#### Assignment:
Below are entries with pictures in them. Output exactly the lines starting at the line with "Navy Blue Shark Herringbone Tie" and ending at the line with "Exhaust Zpipe section", both included, but not the pictures.

(Brief descriptive captions)
== Segment start ==

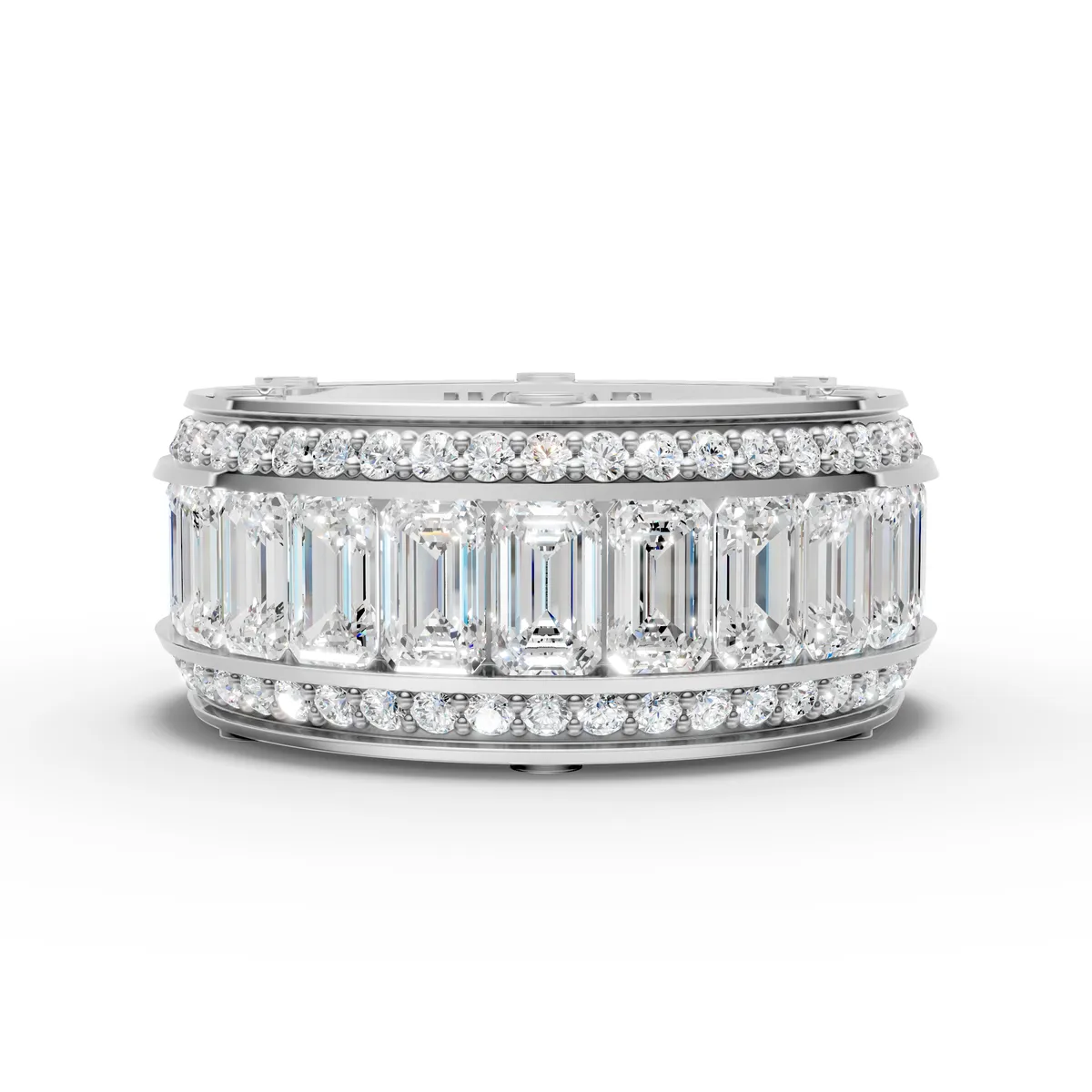 Emerald Cut Diamond Band Ring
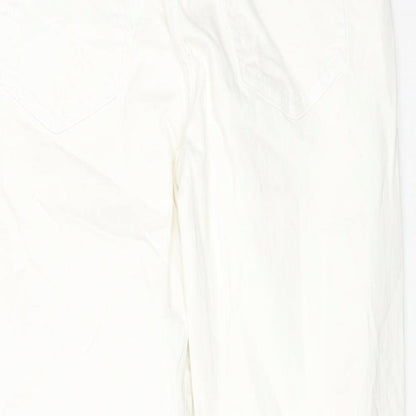Gap Womens White Cotton Capri Jeans Size 26 in L23 in Regular Zip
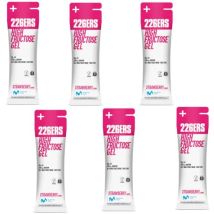 226ERS Gel de frutose com sabor a morango, 6 x 80 g
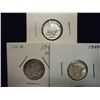 Image 1 : 1942 UNC,43-D & 44 UNC MERCURY DIMES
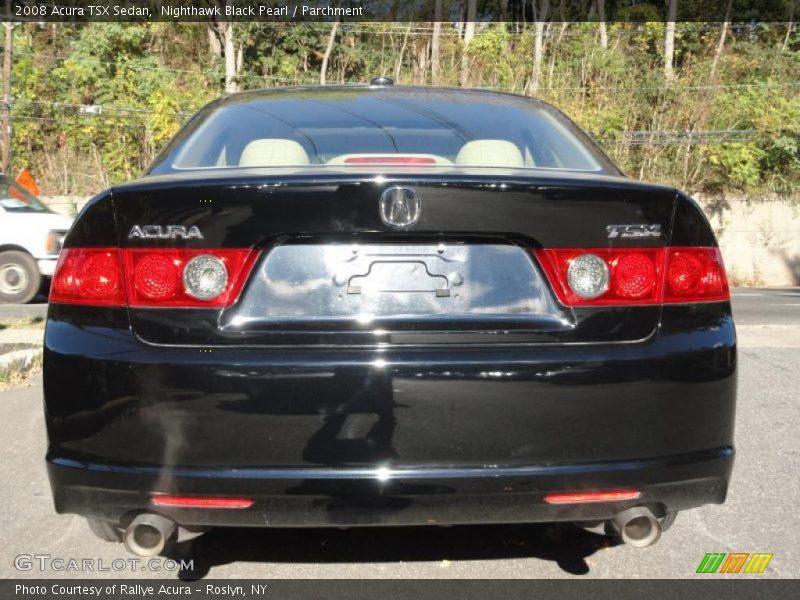 Nighthawk Black Pearl / Parchment 2008 Acura TSX Sedan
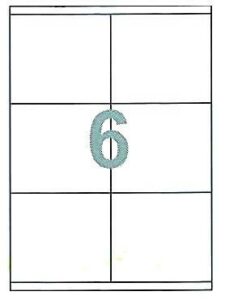 Fleks ετικέτ. αυτοκόλ. λευκές 105x96mm 6/φ 100φ Α4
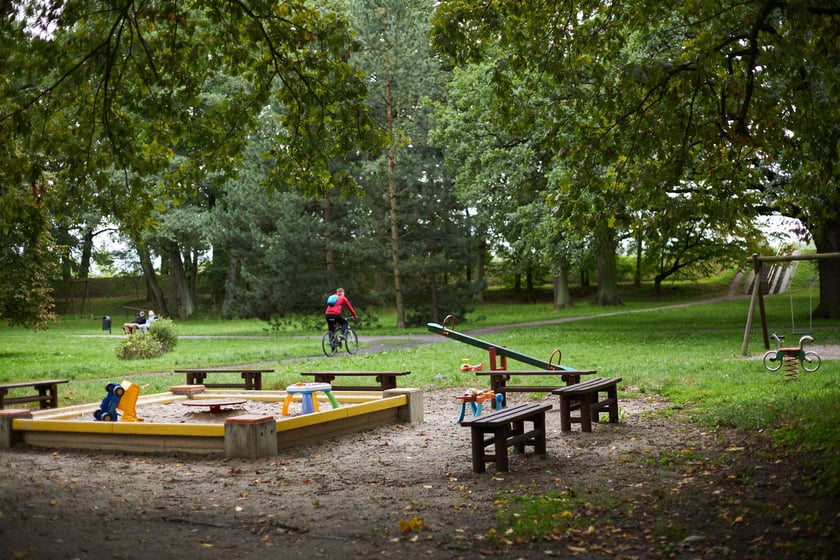 najczęściej park Biskupiński, inaczej zwany Nadodrzańskim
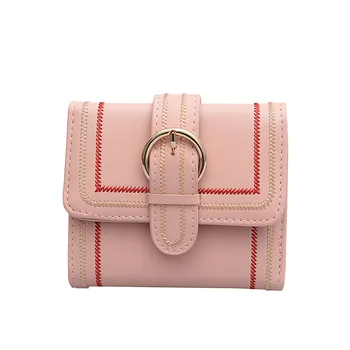 

2020 new women's wallet fashion ladies short wallet simple casual ladies clutch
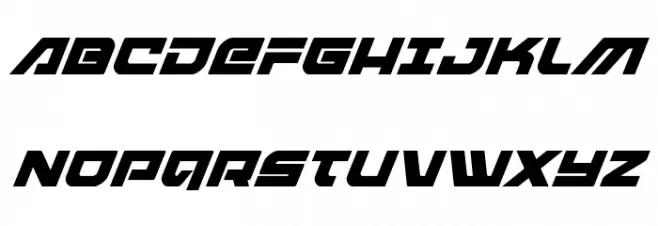 Armed Lightning Squared Super-Italic Font Litere mari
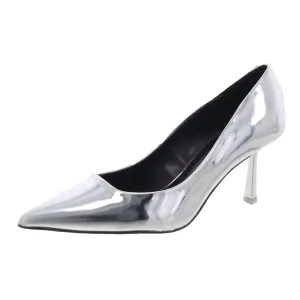 Brynnn Womens Patent Padded Insole Pumps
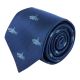 Navy Blue Shark Herringbone Tie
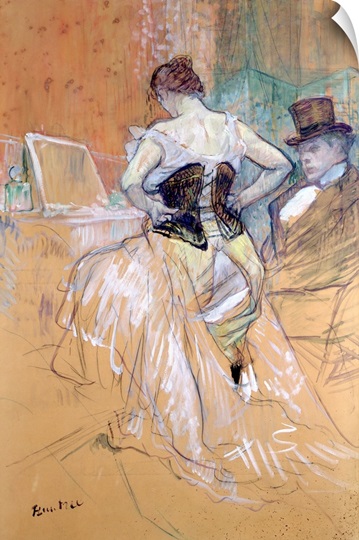 Woman at her Toilet, study for Elles, c.1896 (chalk and oil) (see also 36635)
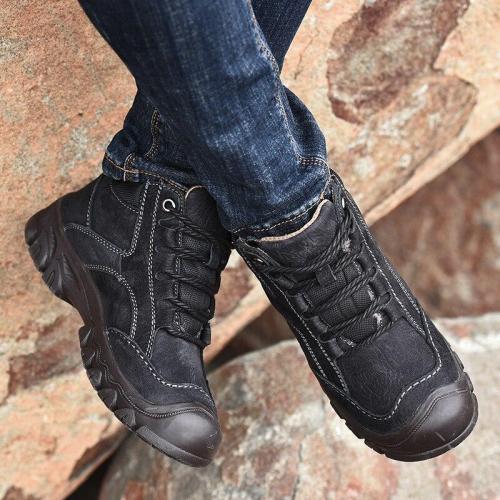 Non-slip Spring New Arrivals Fashion Ankle Boots Men Upgrade Motorcycle Boots Wear Comfort Winter Shoes Hiking Sneaker 38-46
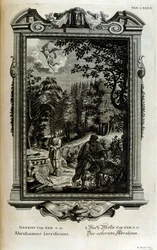 Abraham se prepara para sacrificar a Isaac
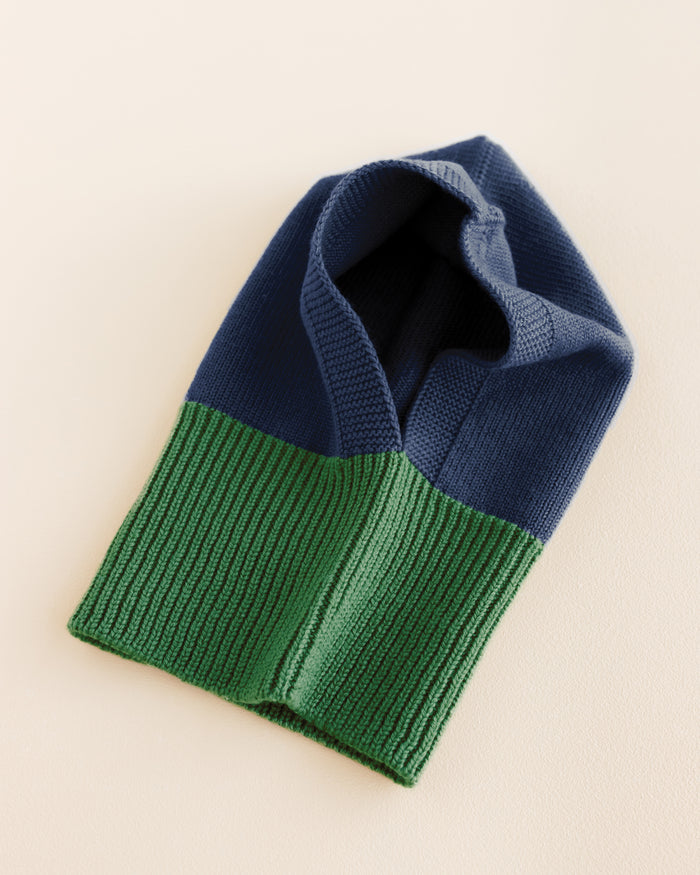 Hvid Balaclava Eddy Blue - Grass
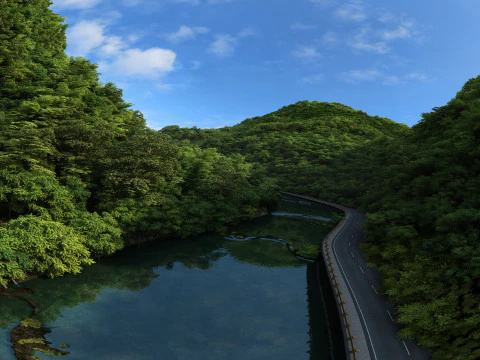 Lake 3D Model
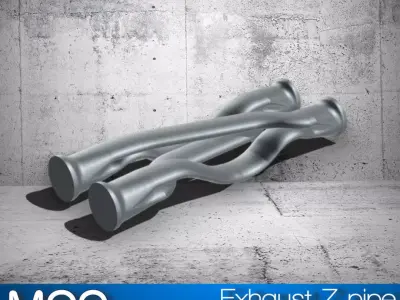 Exhaust Zpipe section like pipe hpipe 3D print model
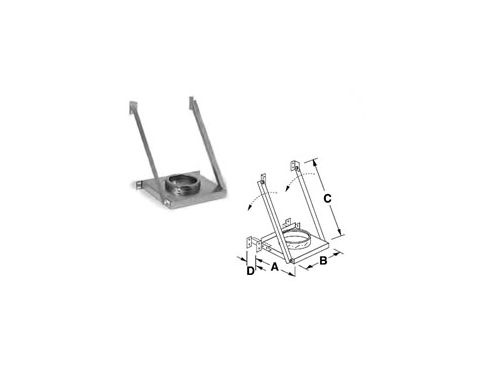 Security Chimneys 7'' Secure Temp ASHT Adjustable Tee Support W/ Coupler - 7SMA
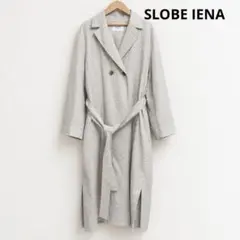 SLOBE IENA スローブイエナ リネン混 ロングコート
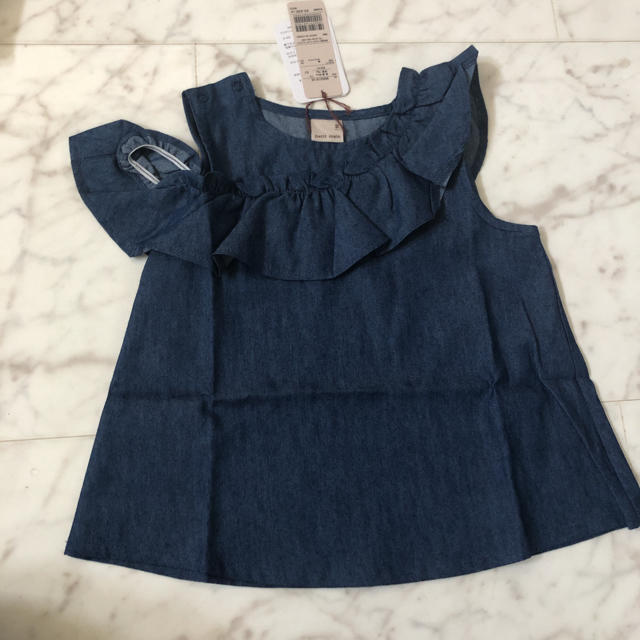 petit main(プティマイン)の新品☆petit main トップス☆90 キッズ/ベビー/マタニティのキッズ服女の子用(90cm~)(Tシャツ/カットソー)の商品写真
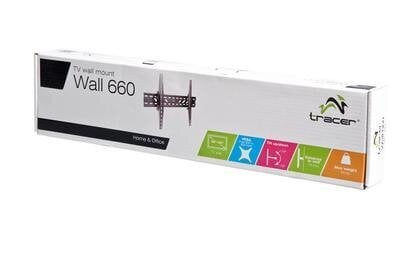 TV-seinäteline Tracer Wall 660, Vesa 600 x 400, 32"-60" hinta ja tiedot | TV-seinätelineet | hobbyhall.fi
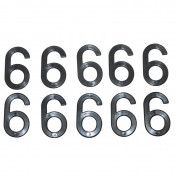 LICENSE PLATE NUMBER FOR MOTORBIKE/SCOOT - 45 mm ALU - TIFLEX - 6 - (SOLD PER 10) 3700948121368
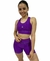 Conjunto Short + Top Violeta (Lycra Bastón) - comprar online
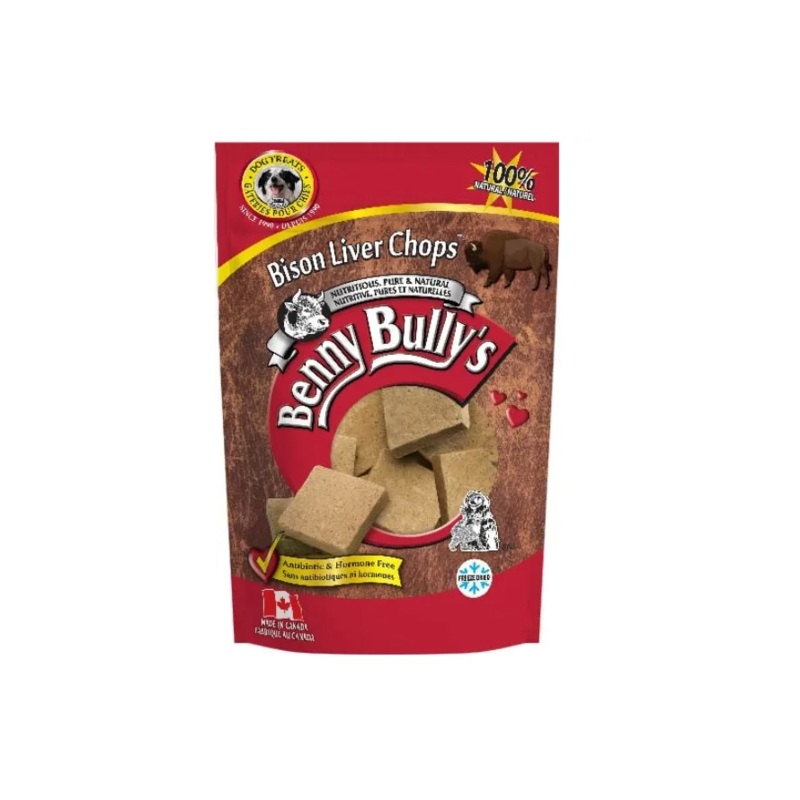 Benny Bullys Bison Liver Chops 60g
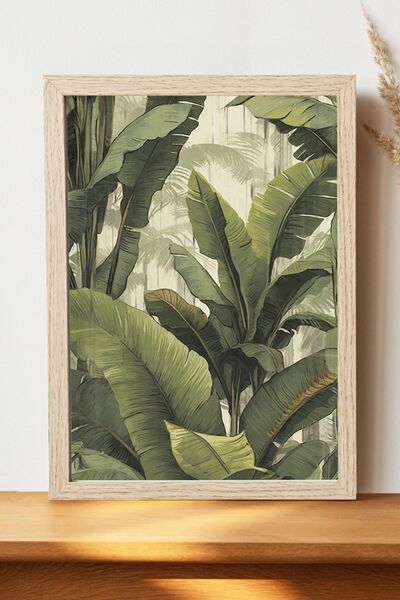 Luna Marissa Αφίσα με φύλλα - Αφίσα τοίχου από γυαλιστερό χαρτί χωρίς πλαίσιο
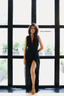 Kamya Silk Hooded Wrap Dress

== Segment end ==

#### Result of this exercise:
 Navy Blue Shark Herringbone Tie
 Woman at her Toilet, study for Elles, c.1896 (chalk and oil) (see also 36635)
 Non-slip Spring New Arrivals Fashion Ankle Boots Men Upgrade Motorcycle Boots Wear Comfort Winter Shoes Hiking Sneaker 38-46
 Abraham se prepara para sacrificar a Isaac
 Hvid Balaclava Eddy Blue - Grass
 Lake 3D Model
 Exhaust Zpipe section like pipe hpipe 3D print model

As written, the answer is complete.